La crisis ha resultado devastadora para este modelo. La destrucción masiva de empleos, primero en la construcción y posteriormente en otros sectores, ha dejado sin expectativas laborales a miles de jóvenes, si bien las cifras del paro juvenil están infravaloradas porque una parte de estas personas han dejado de buscar empleo (han vuelto a la escuela o simplemente pululan por la vida como pueden), pasando a la categoría de “inactivos”. Los recortes del gasto público han cercenado a la vez muchas de las posibles carreras de la gente con estudios, pero también las oportunidades de empleo o reciclaje educativo del resto. La vieja ilusión de las distopías del consumismo y la gloriosa carrera profesional ha desembocado en la pesadilla del “no hay empleo”, “emigra como puedas”, “aguanta hasta que la economía se recupere”. Aun así, el drama va por barrios y unos son mejor tratados que otros. Para unos el estigma de los “ni-nis” está siempre presente y les rebaja a basura social (se prefigura una imagen de vagos, inútiles, inempleables...), mientras que para otros se sigue manteniendo el espejismo del “mejor preparados que nunca”, aunque ahora este epíteto autocomplaciente se traduce en “búscate la vida en otra parte porque aquí tu preparación no sirve de nada” o “hazte emprendedor y créate tu propio empleo”.

Parece claro que una sociedad decente no puede tolerar que millones de jóvenes no tengan un empleo digno ni perspectivas de encontrarlo, y que cualquier programa de acción debe tratar de dar respuestas a esta juventud que ahora percibe un horizonte negrísimo. Y esto es lo que ha entendido hasta el Partido Popular, que en el último debate del Estado de la nación ha presentado como medida estrella un nuevo programa de empleo juvenil; un programa que, sin embargo, no aporta ninguna novedad esencial: solo ahonda en los mismos defectos que la reforma laboral del año pasado, que la enmienda a peor. Porque lo único que ofrece el PP es más de lo mismo, tanto en materia de generosísimas subvenciones a las empresas contratantes como nuevas modalidades de precarización laboral, con contratos temporales generalizados y la posibilidad de encadenar diferentes formas de contratación precaria (en prácticas y en formación). Un modelo que condena a la gente de menos de treinta años a una precariedad completa (con efectos para el resto de su vida laboral) y que constituirá un verdadero proceso de “aprendizaje” en la sumisión y la miseria con vistas a la edad adulta (siempre que no se prolongue en el futuro la edad para ser considerado joven).

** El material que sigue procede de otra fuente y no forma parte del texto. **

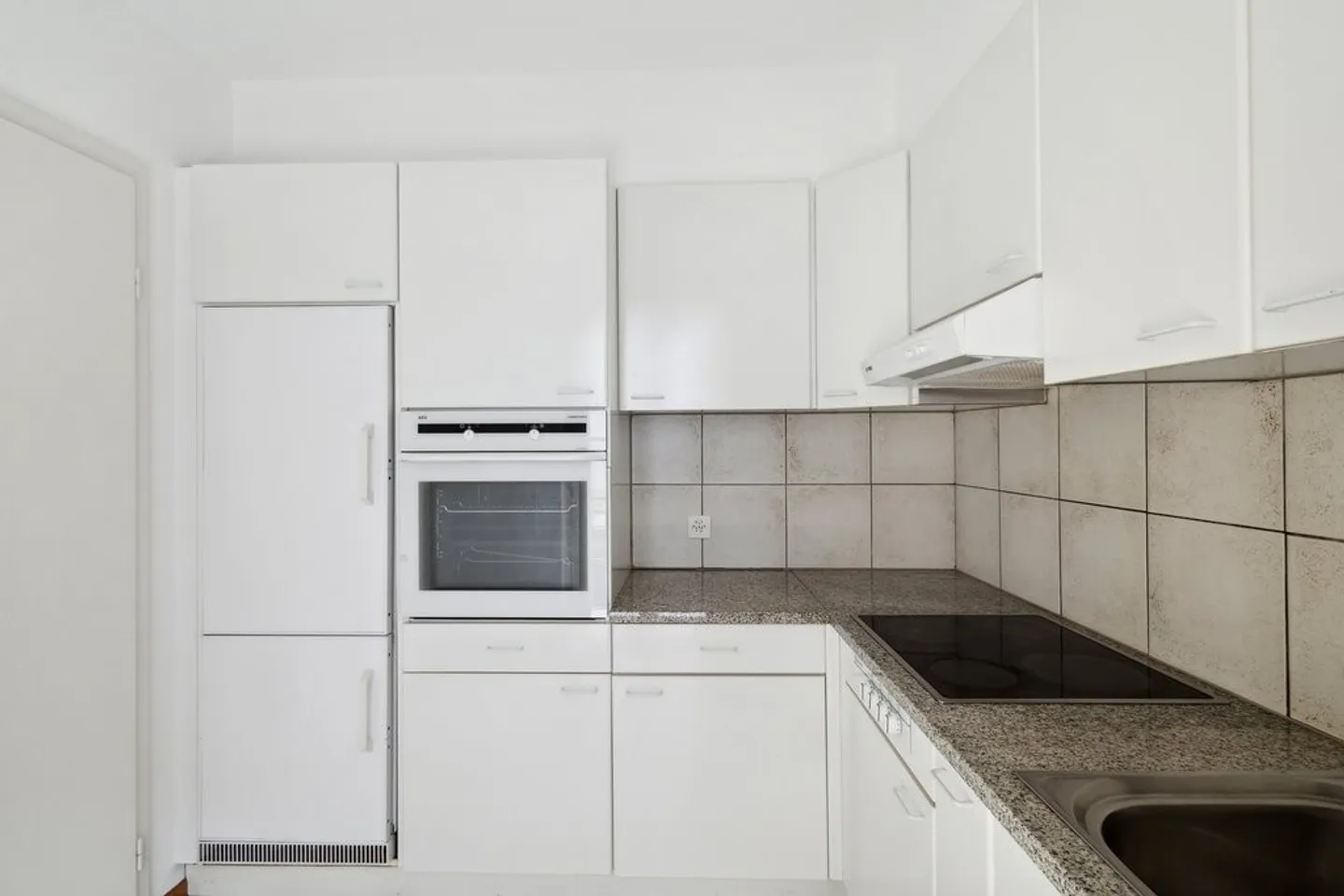 Bellinzona Centro, PRIMO MESE NETTO GRATUITO - Foto 2 di 12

Lo falaz es considerar que los problemas laborales de los jóvenes son fruto de su condición de tales. Son, en cambio, problemas generados por las debilidades y los fallos de la estructura productiva, las políticas macroeconómicas y la ausencia de un planteamiento social que promueva una economía adaptada a las necesidades de la gente. El consumismo y la competitividad individualista han contribuido a minar las ideas de un empleo digno para una vida digna y han atrapado a los jóvenes en una visión del mundo que se ha mostrado fracasada. El problema del desempleo juvenil no puede afrontarse haciendo hincapié en su condición juvenil. Exige, en cambio, transformaciones económicas que garanticen una vida aceptable a todo el mundo, que adecuen la actividad laboral, los procesos formativos y la vida cotidiana en un planteamiento coherente. Para salir de la trampa de más precariedad para combatir el paro juvenil, debemos desarrollar propuestas macro y microeconómicas, de reorganización productiva y de las condiciones de vida, capaces de romper el encadenamiento a la lógica del trabajo precario y el desempleo.